[07/12] nbd: Increase bs->in_flight during AioContext switch
diff mbox series

Message ID 20190218161822.3573-8-kwolf@redhat.com
State New
Headers show
Series
  • block: bdrv_set_aio_context() related fixes
Related show

Commit Message

Kevin Wolf Feb. 18, 2019, 4:18 p.m. UTC
bdrv_drain() must not leave connection_co scheduled, so bs->in_flight
needs to be increased while the coroutine is waiting to be scheduled
in the new AioContext after nbd_client_attach_aio_context().

Signed-off-by: Kevin Wolf <kwolf@redhat.com>
---
 block/nbd-client.h  |  1 +
 include/block/nbd.h |  5 +++--
 block/nbd-client.c  | 16 ++++++++++++----
 nbd/client.c        | 23 +++++++++++++++++------
 4 files changed, 33 insertions(+), 12 deletions(-)

Comments

Paolo Bonzini Feb. 18, 2019, 5:22 p.m.

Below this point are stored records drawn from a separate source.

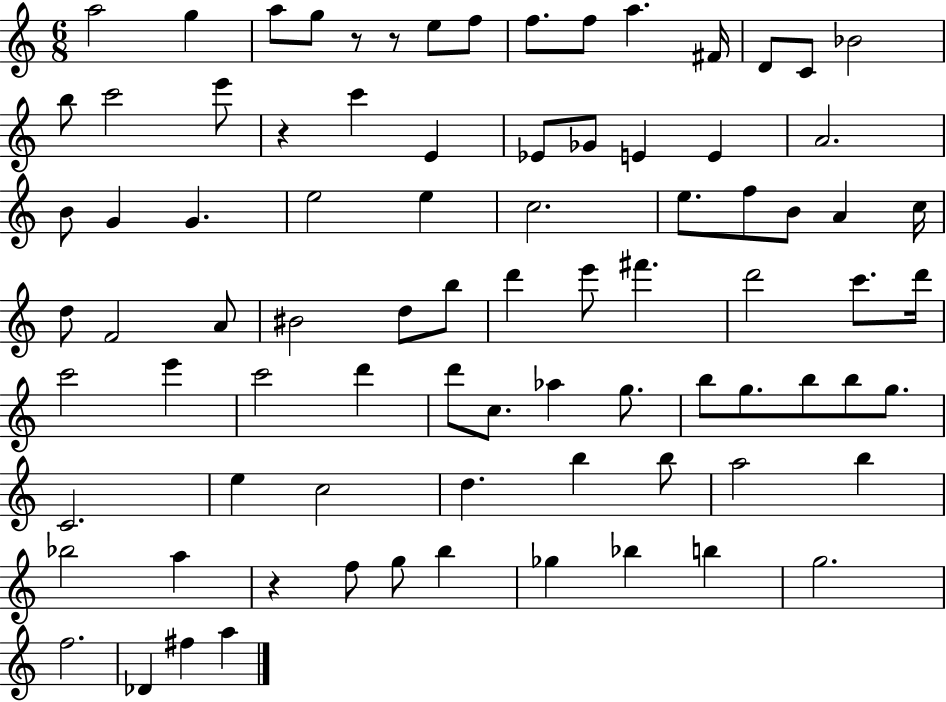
{
  \clef treble
  \numericTimeSignature
  \time 6/8
  \key c \major
  a''2 g''4 | a''8 g''8 r8 r8 e''8 f''8 | f''8. f''8 a''4. fis'16 | d'8 c'8 bes'2 | \break b''8 c'''2 e'''8 | r4 c'''4 e'4 | ees'8 ges'8 e'4 e'4 | a'2. | \break b'8 g'4 g'4. | e''2 e''4 | c''2. | e''8. f''8 b'8 a'4 c''16 | \break d''8 f'2 a'8 | bis'2 d''8 b''8 | d'''4 e'''8 fis'''4. | d'''2 c'''8. d'''16 | \break c'''2 e'''4 | c'''2 d'''4 | d'''8 c''8. aes''4 g''8. | b''8 g''8. b''8 b''8 g''8. | \break c'2. | e''4 c''2 | d''4. b''4 b''8 | a''2 b''4 | \break bes''2 a''4 | r4 f''8 g''8 b''4 | ges''4 bes''4 b''4 | g''2. | \break f''2. | des'4 fis''4 a''4 | \bar "|."
}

UTC | #1
On 18/02/19 17:18, Kevin Wolf wrote:
> +            /* aio_ctx_switch is only supposed to be set if we're sitting in
> +             * the qio_channel_yield() below. */
> +            assert(!*aio_ctx_switch);
>              bdrv_dec_in_flight(bs);
>              qio_channel_yield(ioc, G_IO_IN);
> -            bdrv_inc_in_flight(bs);
> +            if (*aio_ctx_switch) {
> +                /* nbd_client_attach_aio_context() already increased in_flight
> +                 * when scheduling this coroutine for reentry */
> +                *aio_ctx_switch = false;
> +            } else {
> +                bdrv_inc_in_flight(bs);
> +            }

Hmm, my first thought would have been to do the bdrv_inc_in_flight(bs);
unconditionally here, and in nbd_connection_entry do the opposite, like

	if (s->aio_ctx_switch) {
	    s->aio_ctx_switch = false;
	    bdrv_dec_in_flight(bs);
	}

but I guess the problem is that then bdrv_drain could hang.

So my question is:

1) is there a testcase that shows the problem with this "obvious"
refactoring;

2) maybe instead of aio_co_schedul-ing client->connection_co and having
the s->aio_ctx_switch flag, you could go through a bottom half that does
the bdrv_inc_in_flight and then enters client->connection_co?

Paolo
Kevin Wolf Feb. 19, 2019, 11:11 a.m. UTC | #2
Am 18.02.2019 um 18:22 hat Paolo Bonzini geschrieben:
> On 18/02/19 17:18, Kevin Wolf wrote:
> > +            /* aio_ctx_switch is only supposed to be set if we're sitting in
> > +             * the qio_channel_yield() below. */
> > +            assert(!*aio_ctx_switch);
> >              bdrv_dec_in_flight(bs);
> >              qio_channel_yield(ioc, G_IO_IN);
> > -            bdrv_inc_in_flight(bs);
> > +            if (*aio_ctx_switch) {
> > +                /* nbd_client_attach_aio_context() already increased in_flight
> > +                 * when scheduling this coroutine for reentry */
> > +                *aio_ctx_switch = false;
> > +            } else {
> > +                bdrv_inc_in_flight(bs);
> > +            }
> 
> Hmm, my first thought would have been to do the bdrv_inc_in_flight(bs);
> unconditionally here, and in nbd_connection_entry do the opposite, like
> 
> 	if (s->aio_ctx_switch) {
> 	    s->aio_ctx_switch = false;
> 	    bdrv_dec_in_flight(bs);
> 	}
> 
> but I guess the problem is that then bdrv_drain could hang.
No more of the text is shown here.